If $f(x)= x^5 + 2x^3 + 3x + 1$ and $g(f(x)) = x,$ then $\frac{g(1)}{g’(1)}$ is equal to

Answer 1

Correct Answer: 0

To solve for $\frac{g(1)}{g'(1)}$ given $f(x) = x^5 + 2x^3 + 3x + 1$ and $g(f(x)) = x$, we recognize that $g$ is the inverse function of $f$. Thus, $g(f(x)) = x$ implies $f(g(y)) = y$. Differentiating both sides of $g(f(x)) = x$ with respect to $x$, we apply the chain rule: $g'(f(x)) \cdot f'(x) = 1$. Solving for $g'(f(x))$, we find $g'(f(x)) = \frac{1}{f'(x)}$.
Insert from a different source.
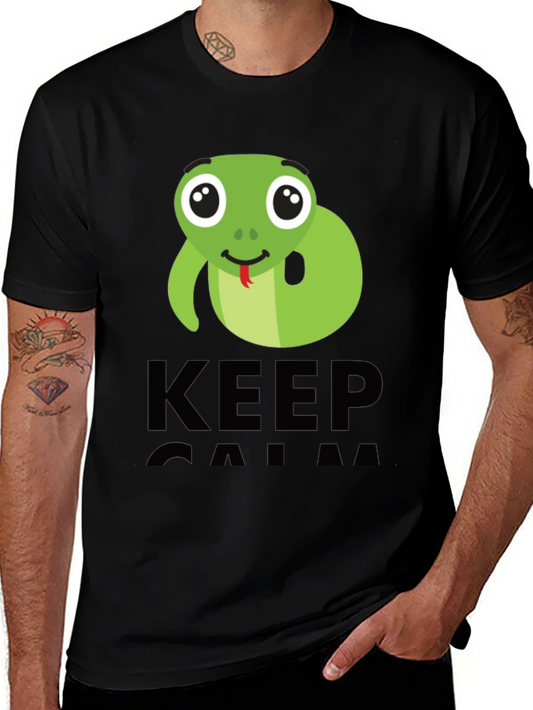 Keep Calm Cute Snake T-Shirt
Given $f(x) = x^5 + 2x^3 + 3x + 1$, compute $f'(x)$: $f'(x) = 5x^4 + 6x^2 + 3$. To find $g'(1)$, note $f(g(1)) = 1$, so $f(g(1)) = g(1)$. We first compute $g(1)$. Since $f(x)$ is directly one-to-one over real numbers, we need to find $x$ such that $f(x) = 1$. Solving $x^5 + 2x^3 + 3x + 1 = 1$, we get $x^5 + 2x^3 + 3x = 0$, factoring $x$ yields $x(x^4 + 2x^2 + 3) = 0$. Thus $x = 0$; verify $f(0) = 1$. Hence, $g(1) = 0$.

To find $g'(1)$, compute $f'(0) = 5(0)^4 + 6(0)^2 + 3 = 3$. So, $g'(1) = \frac{1}{f'(0)} = \frac{1}{3}$.

Finally, $\frac{g(1)}{g'(1)} = \frac{0}{\frac{1}{3}} = 0$, which falls within the expected range 0,0. Thus, $\frac{g(1)}{g'(1)} = 0$, verified to fit the provided range.